→ EXERCISE REQUIREMENTS: The required output is an exact restatement of the lines, starting with the one that contains "Показания к имплантации" and finishing with the last line of the listing. It contains no pictures.
** DATASET CONTENT follows **
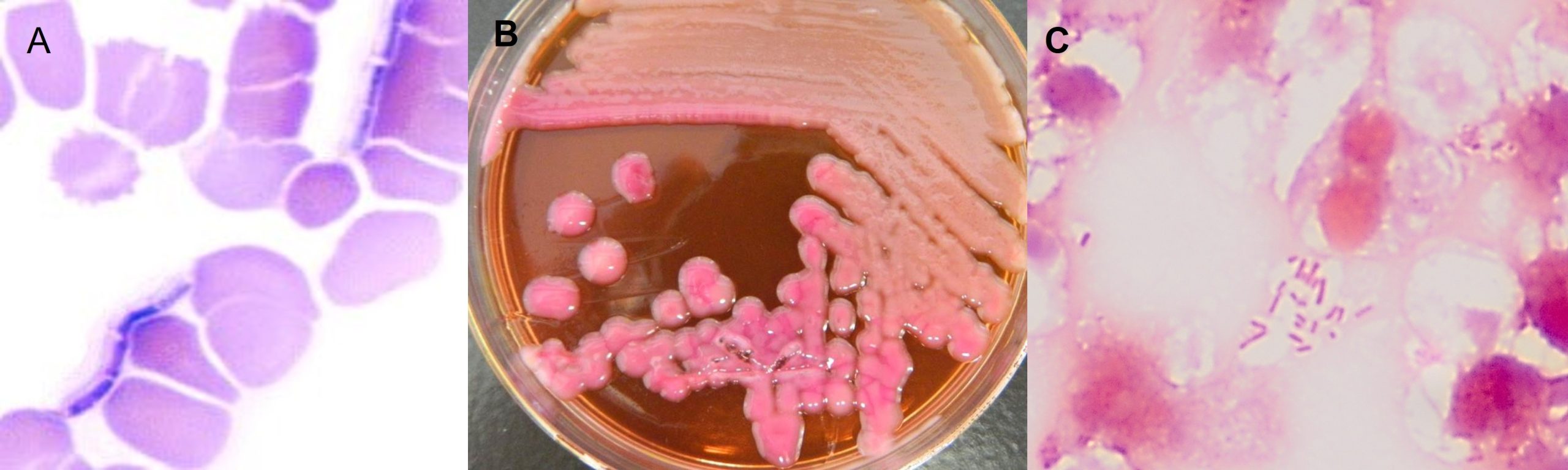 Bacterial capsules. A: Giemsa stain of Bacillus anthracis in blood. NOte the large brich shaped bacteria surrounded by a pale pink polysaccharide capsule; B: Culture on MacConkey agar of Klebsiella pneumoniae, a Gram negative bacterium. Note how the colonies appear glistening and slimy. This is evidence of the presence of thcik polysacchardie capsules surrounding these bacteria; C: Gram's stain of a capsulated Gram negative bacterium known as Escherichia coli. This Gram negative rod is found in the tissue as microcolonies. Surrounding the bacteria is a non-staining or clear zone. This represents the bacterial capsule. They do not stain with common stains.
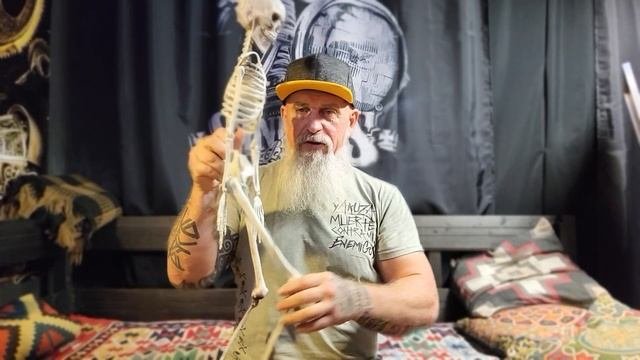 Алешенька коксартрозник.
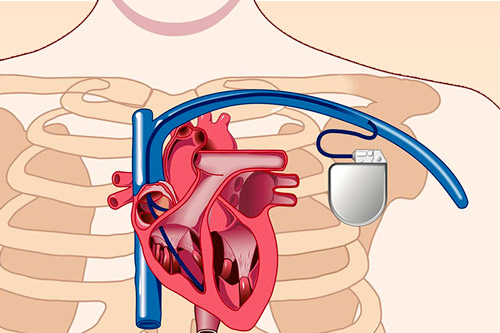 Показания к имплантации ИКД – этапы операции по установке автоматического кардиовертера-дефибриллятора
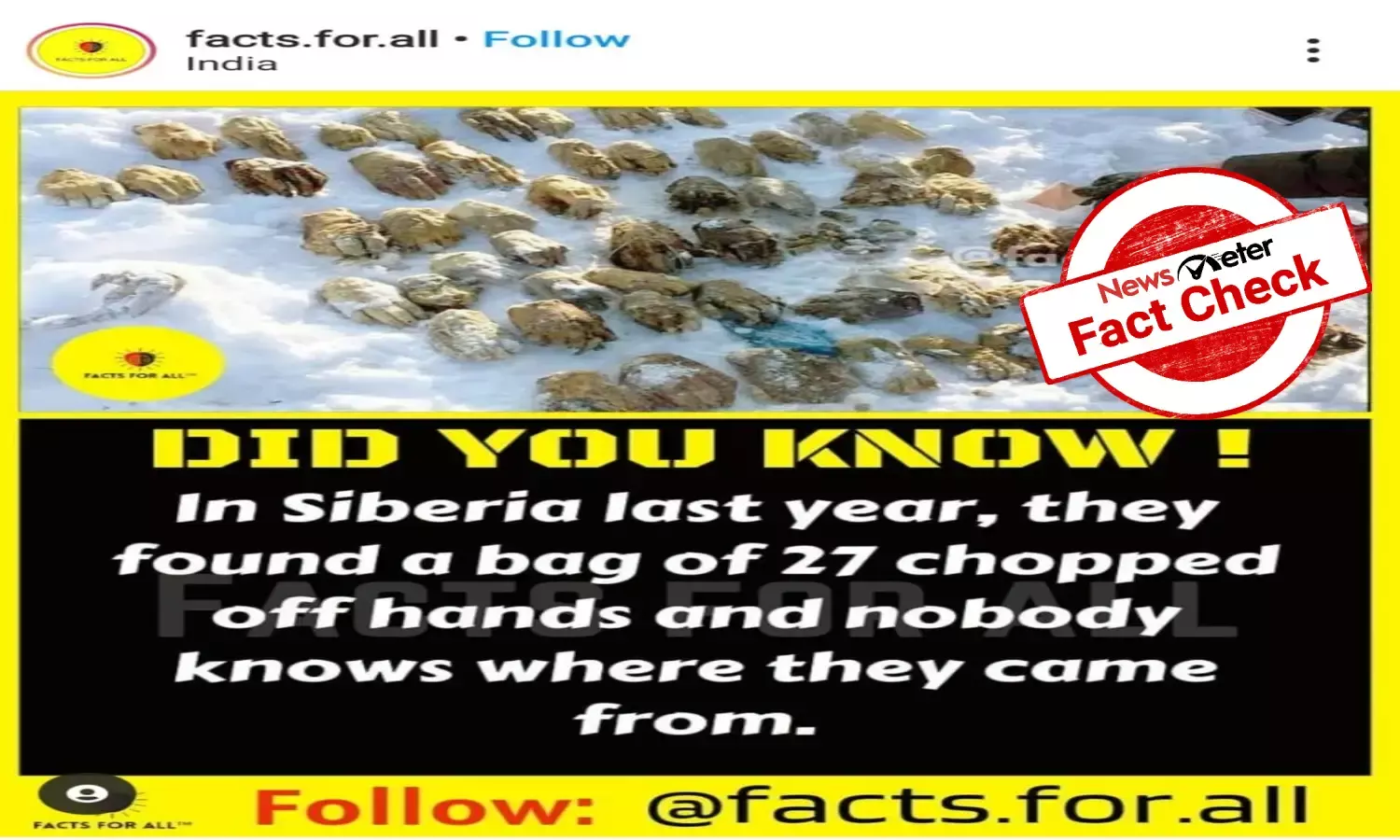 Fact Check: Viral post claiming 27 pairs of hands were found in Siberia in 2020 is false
** End of DATASET CONTENT **
→ EXERCISE RESPONSE:
 Показания к имплантации ИКД – этапы операции по установке автоматического кардиовертера-дефибриллятора
 Fact Check: Viral post claiming 27 pairs of hands were found in Siberia in 2020 is false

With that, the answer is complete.